Hendon instigated discussions on poor-relief with representatives of the Stanmores, Edgware, and Kingsbury, in 1829. In 1835 all five parishes joined Harrow, Pinner, and Willesden to form Hendon poor law union. (fn. 26) The new board of guardians at once caused alarm by proposing extensive alterations to the workhouse and demanding the removal of the cage and engine-house, which remained the parish's responsibility. After two years of argument the guardians were permitted to sell the workhouse to William Rogers, a neighbouring surgeon, whose family lived there until its sale by trustees in 1893. (fn. 27) Great Stanmore paid more than most members of the union towards the new workhouse at Redhill, since the land awarded at inclosure was also sold. (fn. 28)
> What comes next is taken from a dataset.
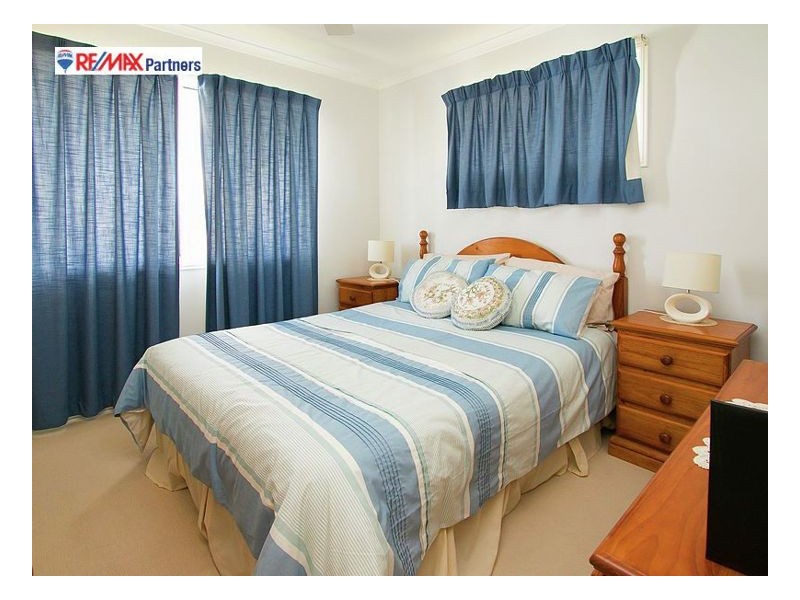 6 Elaine Court, Scarness QLD 4655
The parish steadily resisted the erosion of its authority in the 19th century. Great Stanmore, along with its neighbours, was included in the Metropolitan Police District in 1840 (fn. 29) but in 1842 the vestry complained to the Home Secretary about the consequent expense and inadequate protection. A proposal to adopt the Lighting and Watching Act of 1834 was defeated at meetings of ratepayers in 1836 and 1859 but unanimously accepted in 1861, whereupon six inspectors were appointed, answerable to the vestry. In 1863 the parish vainly protested against its inclusion in the new Edgware highway district. (fn. 30)
Sums raised by the overseers and spent by Edgware highway board in Great Stanmore were much the same as those in Little Stanmore. (fn. 31) A nuisance removal committee was set up by the vestry under an inspector in 1857 but was superseded under the Public Health Act of 1872 (fn. 32) by the new Hendon rural sanitary authority, which in 1879 also took over the functions of Edgware highway board. (fn. 33) Hendon rural sanitary authority in 1895 became Hendon R.D., which was dissolved in 1934 when the Stanmores joined Harrow U.D., itself created a municipal borough in 1954. Stanmore North and Stanmore South formed two of the new urban district's 12 wards (15 from 1948); some two-thirds of Great Stanmore was included in Stanmore North but the southern part lay mostly in Stanmore South and later in Belmont and Queensbury wards. (fn. 34) Since 1965 both Great and Little Stanmore have lain within Harrow L.B. The postal address for many of its offices is Stanmore, as it was for those of the old urban district, but all are located on the Harrow side of the parish boundary.